### What is being asked
Retype the listing exactly, with no images.

### Information shown
[Start of Attachment]

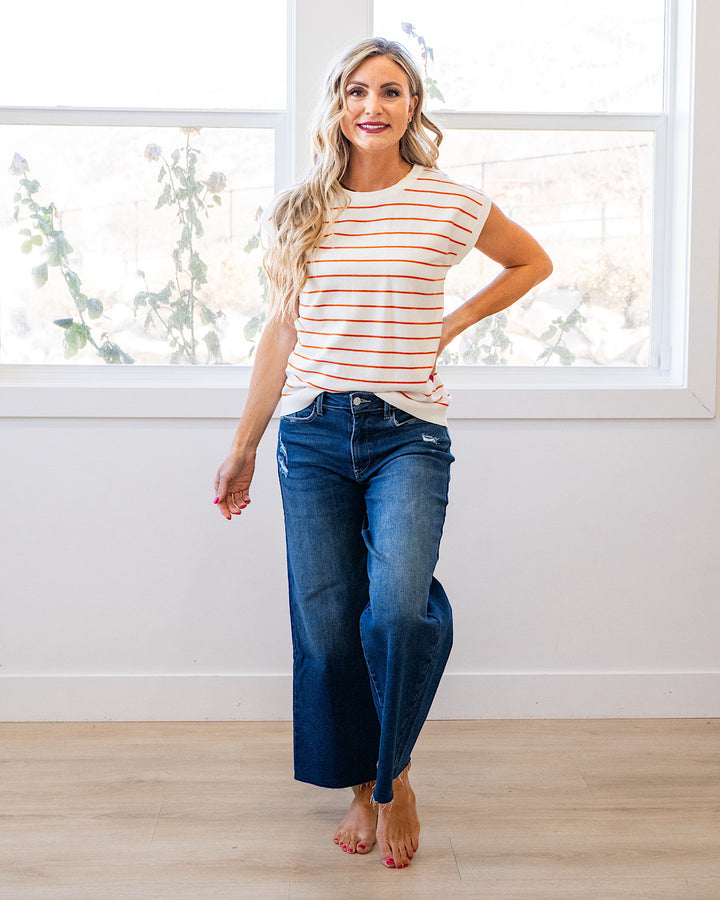 NEW! Allie Striped Short Sleeve Sweater - Ivory & Rust Staccato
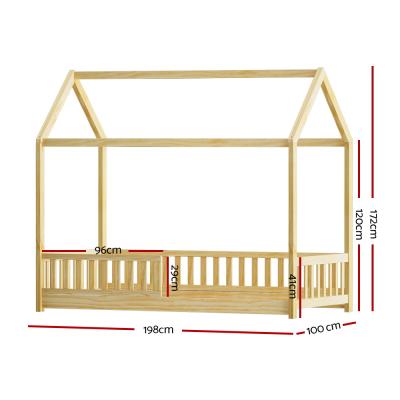 Artiss Wooden Bed Frame Single Size House Frame Pine Timber Base Platform Oak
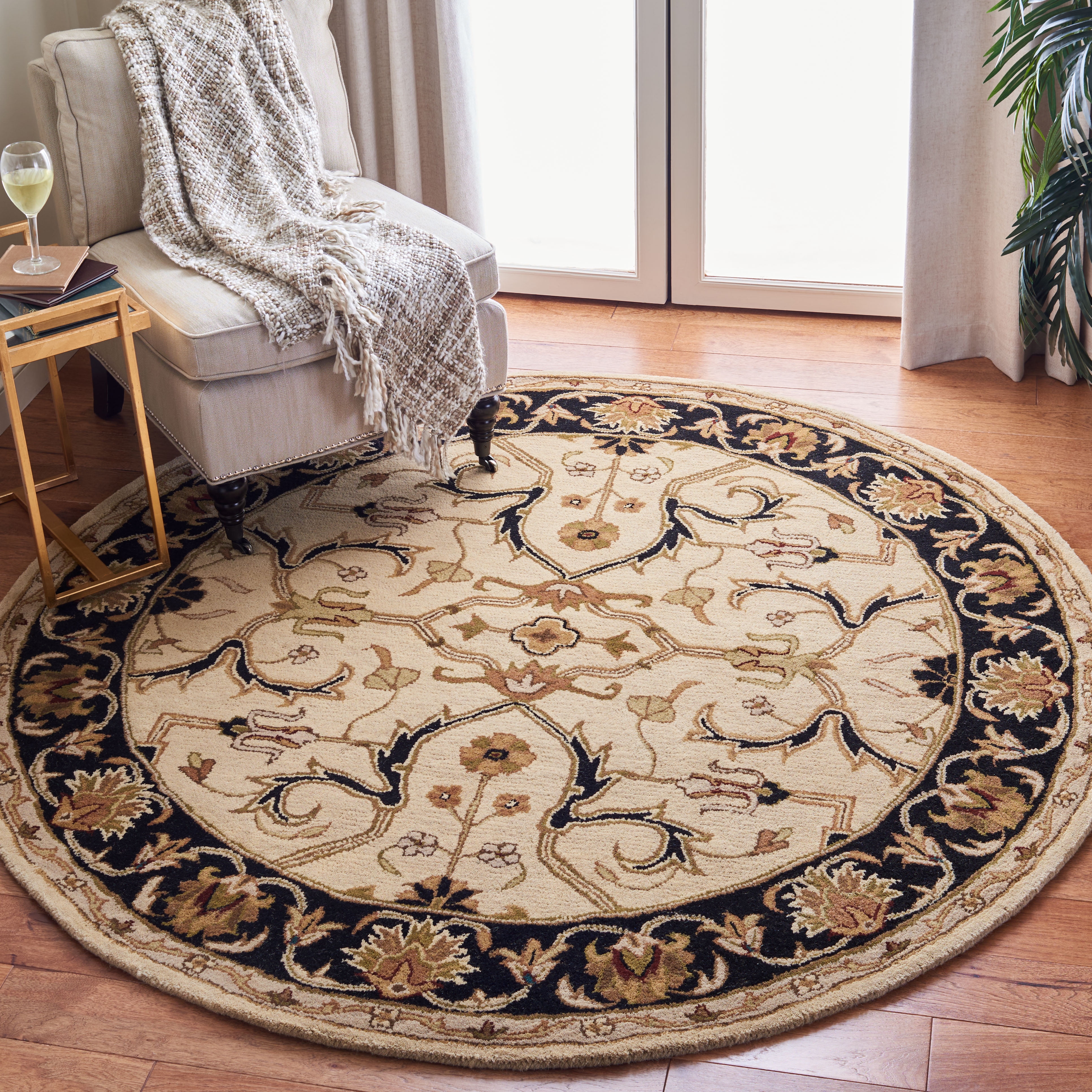 Elegant Heritage 6' Round Beige Hand-Tufted Wool Area Rug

[End of Attachment]

### Task solution
 NEW! Allie Striped Short Sleeve Sweater - Ivory & Rust Staccato
 Artiss Wooden Bed Frame Single Size House Frame Pine Timber Base Platform Oak
 Elegant Heritage 6' Round Beige Hand-Tufted Wool Area Rug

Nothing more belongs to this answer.